[rllib] Retrieve and modify the computed discrete action logits to PPO agent

I’d like to retrieve the logits that the PPO agent’s policy computes for each multidiscrete action, and then modify them so that the action sampling can use my modified logits.

I’m really sorry for the question, but the code is so abstracted that it’s hard for me to tell how I would retrieve the logits and then reset them. Is it in the forward pass of ModelV2? Any direction you could provide would be helpful, thank you.

Hey @lucas_spangher , thanks for the question. You are right, it’s not super intuitive how to get there. Action logits are processed inside the Policy.exploration object.

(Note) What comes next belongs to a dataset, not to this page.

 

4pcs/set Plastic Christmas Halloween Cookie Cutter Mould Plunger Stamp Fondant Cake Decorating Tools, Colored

PPO uses the StochasticSampling exploration module under: ray.rllib.utils.exploration.stochastic_sampling.py

What you should do, it you want to modify these before the sampling step is to sub-class StochasticSampling, then override its get_exploration_action method applying your logic on the logits modification and make sure it does the sampling on those modified logits, then returns the actions (just like the parent StochasticSampling does it).

Then in your config, just do:

config:
    exploration_config:
        type: [full path to your new class, e.g. "my_dir.my_exploration.MyExploration"]
        [other c'tor args for your class]

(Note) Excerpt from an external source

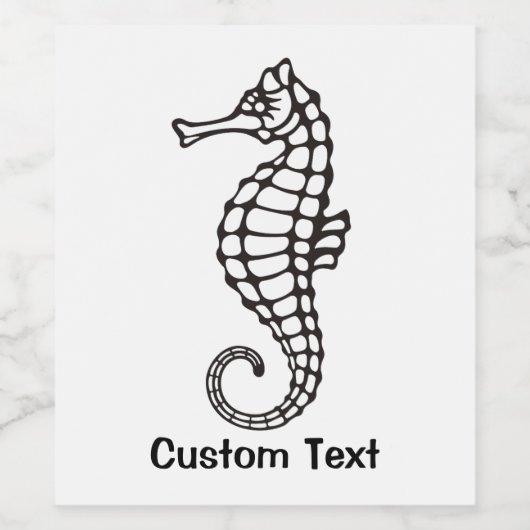 Seepferd Black Weinetikett (Einzelnes Label)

This would tell PPO to use your own exploration class, instead.

Simplifying our “hooks” into the RLlib code is on our list of things to fix in the short term. This includes providing better (and more flexible) callback options to users via an event-registry-based system, as well as using this system to obsolete e.g. the exploration API and other currently hard-coded hooks.

Thanks for the response! I’m going to give it a try. Here what I’m trying to do (implement an ordinal response) so if there’s interest in incorporating that I’d be happy to submit a PR:

Just to confirm, the action_dist is the logits, correct?

Hi @lucas_spangher,

The action distribution depends on your action space. It will be one of these: ray/tf_action_dist.py at master · ray-project/ray · GitHub or the torch equivalent.

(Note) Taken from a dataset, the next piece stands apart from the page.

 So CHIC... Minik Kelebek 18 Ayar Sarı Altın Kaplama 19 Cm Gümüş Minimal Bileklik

If it were Categorical for example, that distribution has an inputs member variable that would be the logits. You could modify those and reassign.action_dist.inputs = action_dist.inputs + 0. I think that would be all you need in the constructor of your subclass of StochasticSampling.

Your other option is to implement your own custom model and then modify the logits as your last operation before returning them from the forward method. As I think about it more that might be a more straightforward approach if you want to support multiple different kinds of action distributions.

Hey mannyv, thank you for the answer. This was incredibly clear and straightforward. I should have no trouble implementing what I want to implement. I will keep you posted when I’m able to get it.

1 Like